→ **Assignment**
Only the pictures are dropped; the lines of the material that follow are returned exactly.

→ **Data excerpt**

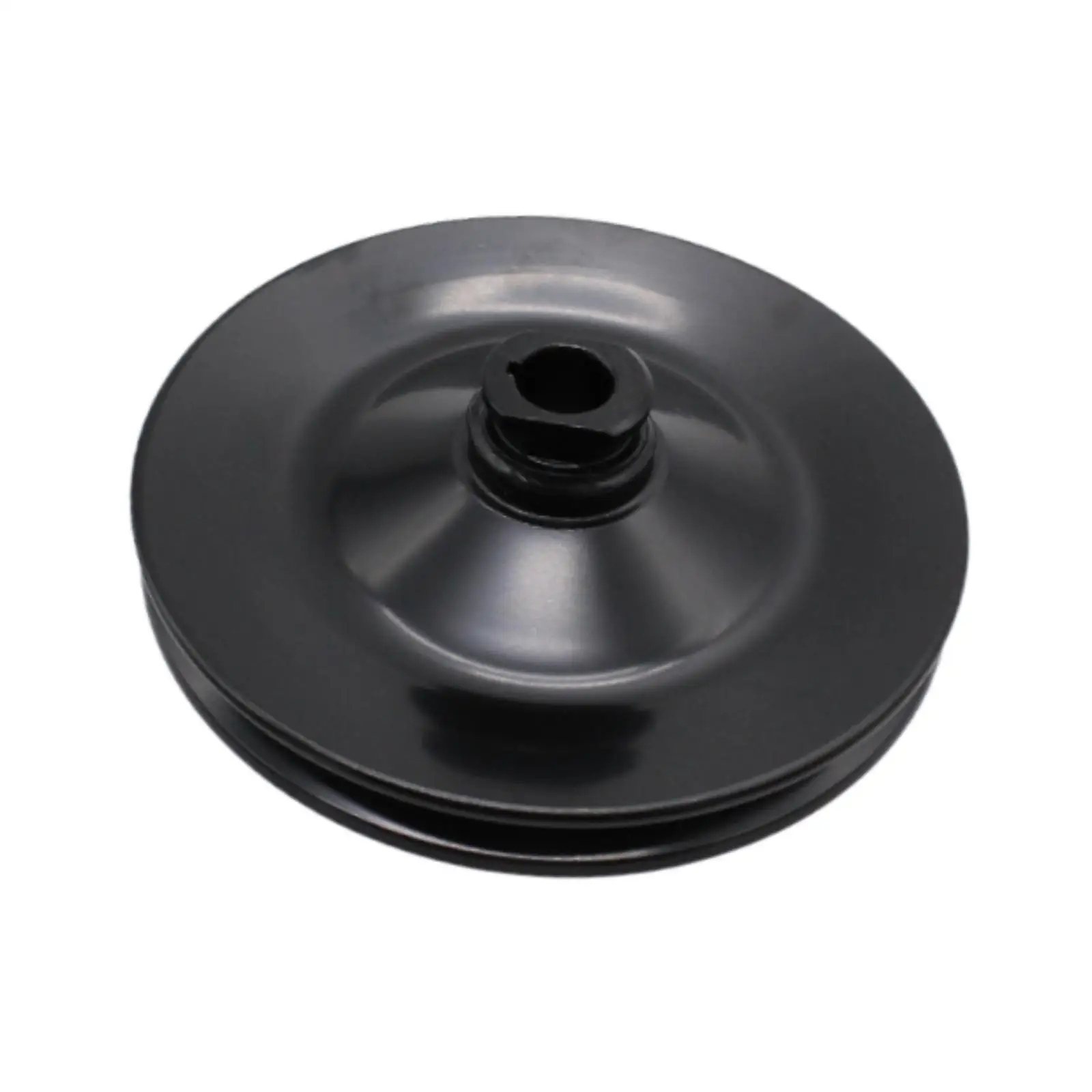 

Запасные части шкива гидроусилителя рулевого управления, простые в установке, заменяют профессиональный 8948BLK V-образный ремень для ключей для Oldsmobile 1965-1979 гг.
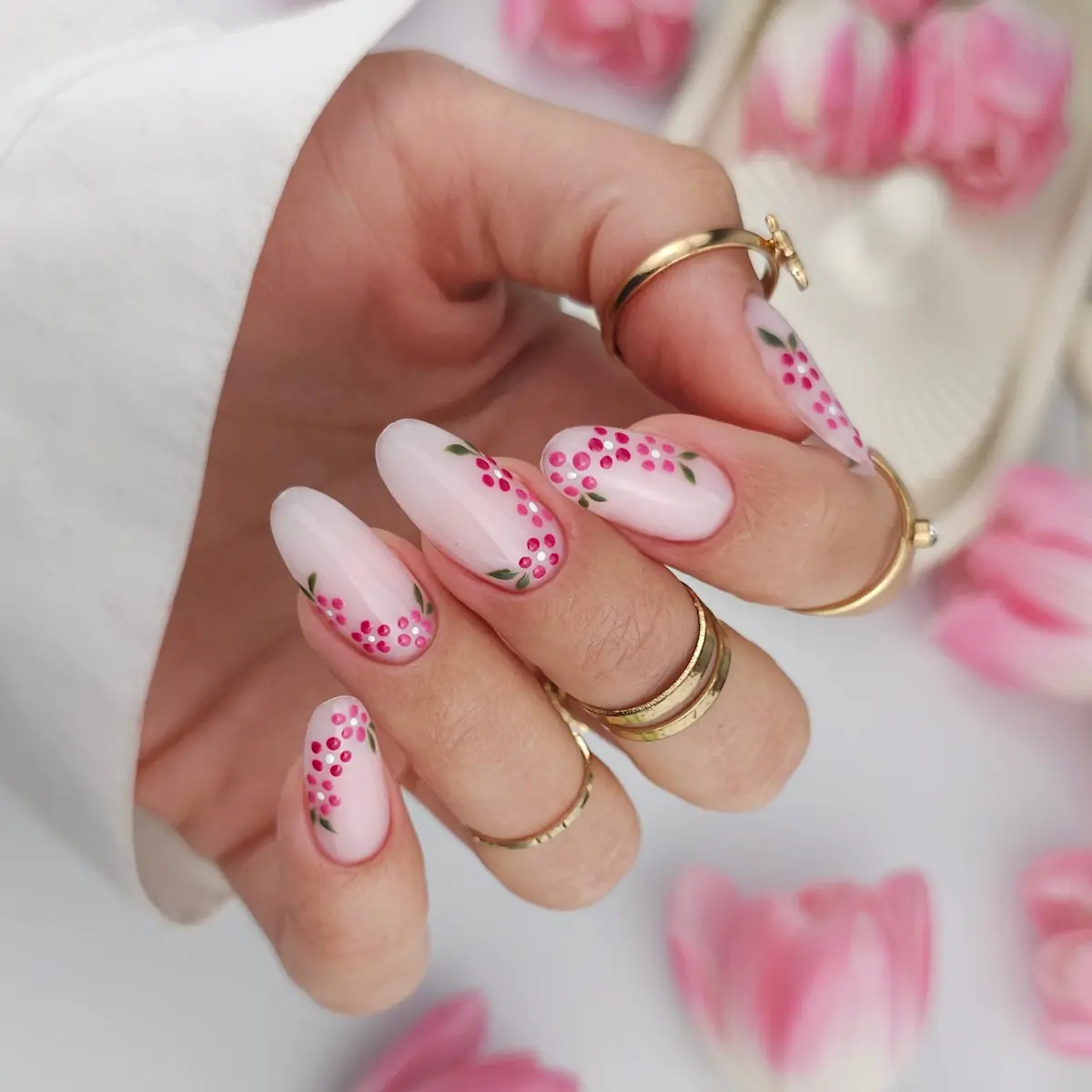 Żel Samopoziomujący GO SHAPE UV LED GEL No2<b> 50ml</b> - obrazek 7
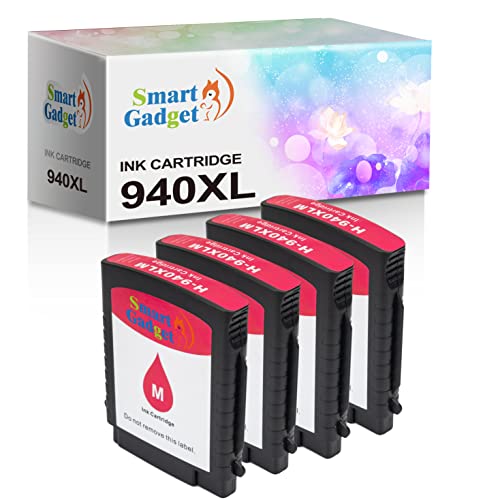 Get Vibrant Results with our Ink Cartridge 4-Pack for Officejet Pro Printers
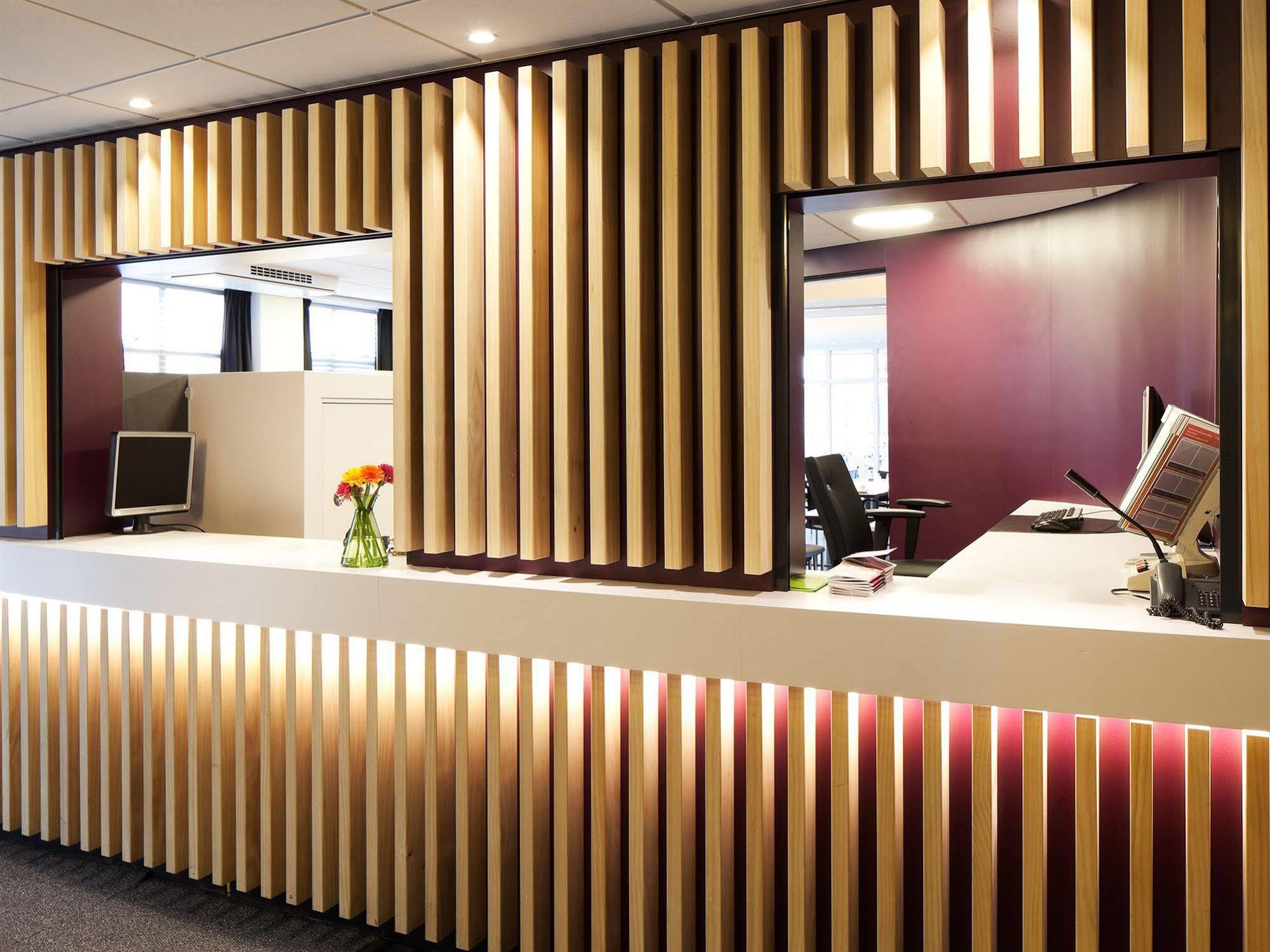 University Hotel Groningen Exterior photo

→ **Written response**
Запасные части шкива гидроусилителя рулевого управления, простые в установке, заменяют профессиональный 8948BLK V-образный ремень для ключей для Oldsmobile 1965-1979 гг.
 Żel Samopoziomujący GO SHAPE UV LED GEL No2<b> 50ml</b> - obrazek 7
 Get Vibrant Results with our Ink Cartridge 4-Pack for Officejet Pro Printers
 University Hotel Groningen Exterior photo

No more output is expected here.